From the first line to the last, please write out the data exactly.
# # # #
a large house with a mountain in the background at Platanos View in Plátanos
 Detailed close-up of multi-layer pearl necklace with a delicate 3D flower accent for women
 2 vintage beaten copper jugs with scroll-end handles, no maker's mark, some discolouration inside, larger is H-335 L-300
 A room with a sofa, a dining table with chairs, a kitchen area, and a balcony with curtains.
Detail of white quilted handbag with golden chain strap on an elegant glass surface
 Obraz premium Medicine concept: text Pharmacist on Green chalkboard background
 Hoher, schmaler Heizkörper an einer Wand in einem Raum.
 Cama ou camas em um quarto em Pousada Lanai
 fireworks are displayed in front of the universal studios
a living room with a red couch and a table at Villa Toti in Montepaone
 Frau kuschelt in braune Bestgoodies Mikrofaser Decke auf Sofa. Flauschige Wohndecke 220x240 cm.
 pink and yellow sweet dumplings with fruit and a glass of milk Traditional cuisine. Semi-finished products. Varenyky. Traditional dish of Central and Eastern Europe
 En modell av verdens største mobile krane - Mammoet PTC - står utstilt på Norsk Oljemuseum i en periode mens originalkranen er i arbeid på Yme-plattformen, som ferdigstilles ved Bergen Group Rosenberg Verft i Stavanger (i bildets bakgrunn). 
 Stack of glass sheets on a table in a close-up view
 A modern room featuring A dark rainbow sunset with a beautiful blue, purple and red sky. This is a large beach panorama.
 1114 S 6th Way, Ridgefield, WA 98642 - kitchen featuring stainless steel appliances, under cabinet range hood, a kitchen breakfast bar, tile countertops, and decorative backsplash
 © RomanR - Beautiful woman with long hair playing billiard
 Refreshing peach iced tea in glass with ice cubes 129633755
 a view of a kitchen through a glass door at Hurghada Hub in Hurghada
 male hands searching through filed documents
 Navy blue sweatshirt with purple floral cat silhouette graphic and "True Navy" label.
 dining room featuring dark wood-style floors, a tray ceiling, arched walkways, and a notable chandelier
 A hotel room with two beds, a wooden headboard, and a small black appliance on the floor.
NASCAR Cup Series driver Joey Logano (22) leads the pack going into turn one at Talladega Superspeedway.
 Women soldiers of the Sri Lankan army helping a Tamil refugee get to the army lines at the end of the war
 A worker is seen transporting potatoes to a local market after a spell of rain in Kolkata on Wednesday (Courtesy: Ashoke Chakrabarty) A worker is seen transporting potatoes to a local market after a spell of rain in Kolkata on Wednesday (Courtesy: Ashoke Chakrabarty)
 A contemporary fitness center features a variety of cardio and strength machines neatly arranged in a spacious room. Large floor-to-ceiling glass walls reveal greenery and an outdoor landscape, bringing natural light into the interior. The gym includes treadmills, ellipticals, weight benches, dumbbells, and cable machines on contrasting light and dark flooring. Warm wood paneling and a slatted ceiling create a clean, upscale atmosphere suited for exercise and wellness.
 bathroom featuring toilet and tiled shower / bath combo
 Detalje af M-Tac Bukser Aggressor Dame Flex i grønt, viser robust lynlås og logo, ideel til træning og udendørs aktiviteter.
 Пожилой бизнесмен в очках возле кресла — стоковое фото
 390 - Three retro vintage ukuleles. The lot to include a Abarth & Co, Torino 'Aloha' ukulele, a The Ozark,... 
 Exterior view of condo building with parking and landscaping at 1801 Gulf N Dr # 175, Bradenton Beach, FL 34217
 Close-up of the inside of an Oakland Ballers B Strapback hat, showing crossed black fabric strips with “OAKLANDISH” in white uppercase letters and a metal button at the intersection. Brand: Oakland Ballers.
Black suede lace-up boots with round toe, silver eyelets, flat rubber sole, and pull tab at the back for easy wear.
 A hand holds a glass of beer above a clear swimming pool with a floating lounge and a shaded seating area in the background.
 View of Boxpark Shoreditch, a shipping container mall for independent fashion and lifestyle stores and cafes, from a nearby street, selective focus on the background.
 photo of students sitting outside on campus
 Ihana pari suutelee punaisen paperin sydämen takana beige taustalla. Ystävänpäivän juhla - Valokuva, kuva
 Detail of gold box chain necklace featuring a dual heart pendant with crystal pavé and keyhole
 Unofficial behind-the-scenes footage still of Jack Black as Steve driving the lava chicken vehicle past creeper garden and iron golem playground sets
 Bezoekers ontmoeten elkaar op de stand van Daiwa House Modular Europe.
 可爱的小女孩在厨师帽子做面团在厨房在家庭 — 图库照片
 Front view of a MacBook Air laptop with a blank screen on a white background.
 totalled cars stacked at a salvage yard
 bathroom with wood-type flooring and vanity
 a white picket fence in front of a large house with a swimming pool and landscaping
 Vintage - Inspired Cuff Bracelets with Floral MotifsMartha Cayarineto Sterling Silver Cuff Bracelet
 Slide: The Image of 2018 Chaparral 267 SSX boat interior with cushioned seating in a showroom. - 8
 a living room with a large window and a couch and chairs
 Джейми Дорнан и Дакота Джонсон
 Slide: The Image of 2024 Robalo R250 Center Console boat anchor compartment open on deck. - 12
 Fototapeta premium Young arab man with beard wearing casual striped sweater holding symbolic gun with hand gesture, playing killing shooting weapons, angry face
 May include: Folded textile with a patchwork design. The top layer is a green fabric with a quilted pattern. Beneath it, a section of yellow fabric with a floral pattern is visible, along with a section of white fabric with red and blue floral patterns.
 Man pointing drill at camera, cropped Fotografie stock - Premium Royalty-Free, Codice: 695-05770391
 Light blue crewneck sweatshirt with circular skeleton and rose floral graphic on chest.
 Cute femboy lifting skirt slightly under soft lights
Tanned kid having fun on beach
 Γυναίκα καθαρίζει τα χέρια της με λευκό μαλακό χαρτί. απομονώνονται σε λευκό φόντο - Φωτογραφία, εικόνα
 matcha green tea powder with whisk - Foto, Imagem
# # # #
== RESPONSE TO THIS TASK ==
a large house with a mountain in the background at Platanos View in Plátanos
 Detailed close-up of multi-layer pearl necklace with a delicate 3D flower accent for women
 2 vintage beaten copper jugs with scroll-end handles, no maker's mark, some discolouration inside, larger is H-335 L-300
 A room with a sofa, a dining table with chairs, a kitchen area, and a balcony with curtains.
Detail of white quilted handbag with golden chain strap on an elegant glass surface
 Obraz premium Medicine concept: text Pharmacist on Green chalkboard background
 Hoher, schmaler Heizkörper an einer Wand in einem Raum.
 Cama ou camas em um quarto em Pousada Lanai
 fireworks are displayed in front of the universal studios
a living room with a red couch and a table at Villa Toti in Montepaone
 Frau kuschelt in braune Bestgoodies Mikrofaser Decke auf Sofa. Flauschige Wohndecke 220x240 cm.
 pink and yellow sweet dumplings with fruit and a glass of milk Traditional cuisine. Semi-finished products. Varenyky. Traditional dish of Central and Eastern Europe
 En modell av verdens største mobile krane - Mammoet PTC - står utstilt på Norsk Oljemuseum i en periode mens originalkranen er i arbeid på Yme-plattformen, som ferdigstilles ved Bergen Group Rosenberg Verft i Stavanger (i bildets bakgrunn). 
 Stack of glass sheets on a table in a close-up view
 A modern room featuring A dark rainbow sunset with a beautiful blue, purple and red sky. This is a large beach panorama.
 1114 S 6th Way, Ridgefield, WA 98642 - kitchen featuring stainless steel appliances, under cabinet range hood, a kitchen breakfast bar, tile countertops, and decorative backsplash
 © RomanR - Beautiful woman with long hair playing billiard
 Refreshing peach iced tea in glass with ice cubes 129633755
 a view of a kitchen through a glass door at Hurghada Hub in Hurghada
 male hands searching through filed documents
 Navy blue sweatshirt with purple floral cat silhouette graphic and "True Navy" label.
 dining room featuring dark wood-style floors, a tray ceiling, arched walkways, and a notable chandelier
 A hotel room with two beds, a wooden headboard, and a small black appliance on the floor.
NASCAR Cup Series driver Joey Logano (22) leads the pack going into turn one at Talladega Superspeedway.
 Women soldiers of the Sri Lankan army helping a Tamil refugee get to the army lines at the end of the war
 A worker is seen transporting potatoes to a local market after a spell of rain in Kolkata on Wednesday (Courtesy: Ashoke Chakrabarty) A worker is seen transporting potatoes to a local market after a spell of rain in Kolkata on Wednesday (Courtesy: Ashoke Chakrabarty)
 A contemporary fitness center features a variety of cardio and strength machines neatly arranged in a spacious room. Large floor-to-ceiling glass walls reveal greenery and an outdoor landscape, bringing natural light into the interior. The gym includes treadmills, ellipticals, weight benches, dumbbells, and cable machines on contrasting light and dark flooring. Warm wood paneling and a slatted ceiling create a clean, upscale atmosphere suited for exercise and wellness.
 bathroom featuring toilet and tiled shower / bath combo
 Detalje af M-Tac Bukser Aggressor Dame Flex i grønt, viser robust lynlås og logo, ideel til træning og udendørs aktiviteter.
 Пожилой бизнесмен в очках возле кресла — стоковое фото
 390 - Three retro vintage ukuleles. The lot to include a Abarth & Co, Torino 'Aloha' ukulele, a The Ozark,... 
 Exterior view of condo building with parking and landscaping at 1801 Gulf N Dr # 175, Bradenton Beach, FL 34217
 Close-up of the inside of an Oakland Ballers B Strapback hat, showing crossed black fabric strips with “OAKLANDISH” in white uppercase letters and a metal button at the intersection. Brand: Oakland Ballers.
Black suede lace-up boots with round toe, silver eyelets, flat rubber sole, and pull tab at the back for easy wear.
 A hand holds a glass of beer above a clear swimming pool with a floating lounge and a shaded seating area in the background.
 View of Boxpark Shoreditch, a shipping container mall for independent fashion and lifestyle stores and cafes, from a nearby street, selective focus on the background.
 photo of students sitting outside on campus
 Ihana pari suutelee punaisen paperin sydämen takana beige taustalla. Ystävänpäivän juhla - Valokuva, kuva
 Detail of gold box chain necklace featuring a dual heart pendant with crystal pavé and keyhole
 Unofficial behind-the-scenes footage still of Jack Black as Steve driving the lava chicken vehicle past creeper garden and iron golem playground sets
 Bezoekers ontmoeten elkaar op de stand van Daiwa House Modular Europe.
 可爱的小女孩在厨师帽子做面团在厨房在家庭 — 图库照片
 Front view of a MacBook Air laptop with a blank screen on a white background.
 totalled cars stacked at a salvage yard
 bathroom with wood-type flooring and vanity
 a white picket fence in front of a large house with a swimming pool and landscaping
 Vintage - Inspired Cuff Bracelets with Floral MotifsMartha Cayarineto Sterling Silver Cuff Bracelet
 Slide: The Image of 2018 Chaparral 267 SSX boat interior with cushioned seating in a showroom. - 8
 a living room with a large window and a couch and chairs
 Джейми Дорнан и Дакота Джонсон
 Slide: The Image of 2024 Robalo R250 Center Console boat anchor compartment open on deck. - 12
 Fototapeta premium Young arab man with beard wearing casual striped sweater holding symbolic gun with hand gesture, playing killing shooting weapons, angry face
 May include: Folded textile with a patchwork design. The top layer is a green fabric with a quilted pattern. Beneath it, a section of yellow fabric with a floral pattern is visible, along with a section of white fabric with red and blue floral patterns.
 Man pointing drill at camera, cropped Fotografie stock - Premium Royalty-Free, Codice: 695-05770391
 Light blue crewneck sweatshirt with circular skeleton and rose floral graphic on chest.
 Cute femboy lifting skirt slightly under soft lights
Tanned kid having fun on beach
 Γυναίκα καθαρίζει τα χέρια της με λευκό μαλακό χαρτί. απομονώνονται σε λευκό φόντο - Φωτογραφία, εικόνα
 matcha green tea powder with whisk - Foto, Imagem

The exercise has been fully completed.